Ahmed Zewail is being awarded the Nobel Prize in Chemistry because he was the first to conduct experiments that clearly show the decisive moments in the life of a molecule – the breaking and formation of chemical bonds. He has been able to see the reality behind Arrhenius’ theory.

It is of great importance to be able in detail to understand and predict the progress of a chemical reaction. Femtochemistry has found applications in all branches of chemistry, but also in adjoining fields such as material science (future electronics?) and biology. The retinal molecule is an example – a substance that you are all making use of at this very moment, namely to see with. It has been found that light causes this molecule to twist like a hinge around a well-greased bond, which sends a nerve signal to the brain. The reaction takes only 200 fs, which explains the eye’s sensitivity to light.

Femtochemistry has radically changed the way we look at chemical reactions. A hundred years of mist surrounding the transition state has cleared.

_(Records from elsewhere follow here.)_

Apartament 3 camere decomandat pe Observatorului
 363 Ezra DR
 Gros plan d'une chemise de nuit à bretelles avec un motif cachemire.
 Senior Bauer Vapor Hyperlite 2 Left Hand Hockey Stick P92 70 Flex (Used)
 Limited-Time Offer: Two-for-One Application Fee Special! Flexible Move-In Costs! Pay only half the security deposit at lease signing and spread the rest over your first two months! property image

Professor Zewail. I have tried to explain how your pioneering work has fundamentally changed the way scientists view chemical reactions. From being restricted to describe them only in terms of a metaphor, the transition state, we can now study the actual movements of atoms in molecules. We can speak of them in time and space in the same way that we imagine them. They are no longer invisible.

May I convey to you my warmest congratulations on behalf of the Royal Swedish Academy of Sciences and ask you to come forward to receive the 1999 Nobel Prize in Chemistry from the hands of His Majesty the King.

Professor Kohn. You were awarded last year’s Nobel Prize together with Professor John Pople for your contributions to Computational Quantum Chemistry. They have been of fundamental importance also in the context of this year’s Nobel Prize, as calculations of energies and structures of the molecules in their various states are crucial for the interpretation of the experiments.

On behalf of the Royal Swedish Academy of Sciences, may I warmly congratulate you and ask you to come forward to receive the 1998 Nobel Prize in Chemistry from the hands of His Majesty the King.